Горел человек на своей грядке с огурцами… Облил голову ацетоном и поджег спичкой. Сижу, телевизор включила, слышу — крики. Старый голос… знакомый… Сашкин, вроде, голос, и какой-то молодой. Шел мимо студент, техникум у нас тут рядом, и видит — человек горит. Ну что ты скажешь! Прибежал, стал тушить. Сам обгорел. Когда я прилетела, Сашка уже на земле лежал, стонал… голова желтая… Чужие люди, ну что вам… Что вам чужая беда?

Всем на смерть посмотреть охота. О-ой! В общем… в общем… В нашей деревне, где я в девках у родителей жила, был старик, он любил приходить и смотреть, как умирают. Бабы стыдили, гнали его из хаты: «Уходи, черт!», а он сидит. Жил долго. Может, и вправду черт! Что смотреть? Куда… в какую сторону? После смерти ничего нет. Умер — и все, закопали. А живой, пусть и несчастливый, и по ветрику походит, и по садику. А когда дух вышел, нет человека, есть земля. Дух — это дух, а все остальное — земля. Земля — и все. Один в колыбели умирает, другой до седины живет. Счастливые люди не хотят умирать… и те… те, кого любят, тоже не хотят. Отпрашиваются. А где они, счастливые люди? По радио когда-то говорили, что после войны все счастливые будем, и Хрущев, помню, обещал… что скоро коммунизм наступит. Горбачев клялся, так красиво говорил… Складно. Теперь Ельцин клянется, на рельсы грозился лечь… Ждала и ждала я хорошей жизни. Маленькая ждала… и когда подросла… Теперь уже старая… Если короче, все обманули, жизнь еще хуже стала. Подожди-потерпи, да подожди-потерпи. Подожди-потерпи… Муж помер. Вышел на улицу, упал и все — отказало сердце. Ни метром не перемерить, ни на весах не перевесить, сколько мы всего пережили. А вот — живу. Живу. Дети разъехались: сын — в Новосибирске, а дочь в Риге с семьей осталась, теперь, считай, за границей. На чужбине. Там уже по-русски не говорят.
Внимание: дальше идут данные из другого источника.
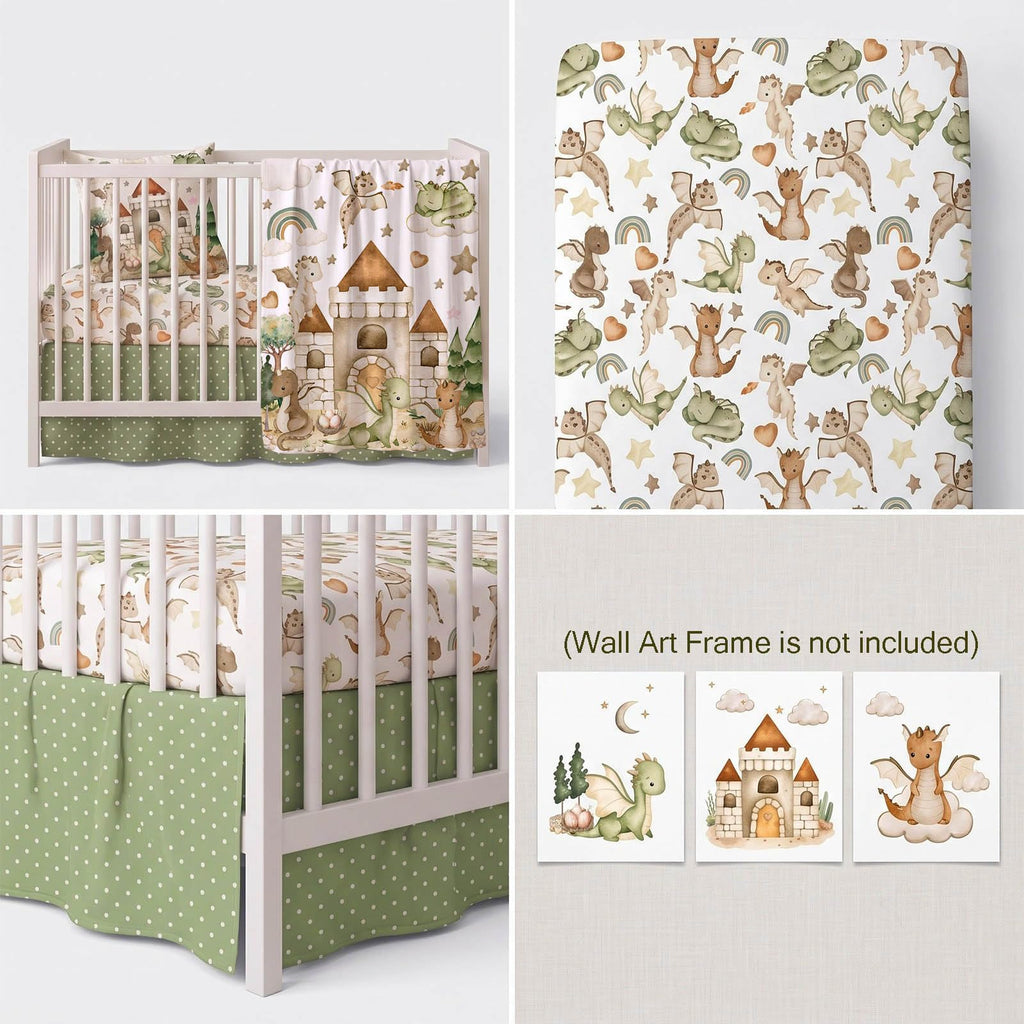 5 Pcs Baby Crib Bedding Set, Dragon Nursery Baby Crib Set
Иконка в углу у меня, и песика держу, чтобы было с кем поговорить. Одна головешка и в ночи не горит, а я стараюсь. Во-о-о… Хорошо, что Бог дал человеку и собаку, и кошку… и дерево, и птицу… Дал для того Он это все, чтобы человек радовался и жизнь не показалась ему длинной. Не надокучила. А мне одно, что не надоело — глядеть, как пшеница желтеет. Наголодалась я за свою жизнь так, что больше всего люблю, как хлеба спеют, колосья колышутся. Мне это — как вам картина в музее… И сейчас не гонюсь за белой булкой, а вкуснее всего черный посоленный хлеб со сладким чаем. Подожди-потерпи… да подожди-потерпи… От всякой боли одно у нас средство — терпение. Так и жизнь прошла. Вот и Сашка… наш Порфирьич… Терпел, терпел, да не вытерпел. Притомился человек. Это телу в земле лежать, а душе на ответ идти. (Вытирает слезы.) Во как! Тут плачем… и когда уходим, тоже плачем…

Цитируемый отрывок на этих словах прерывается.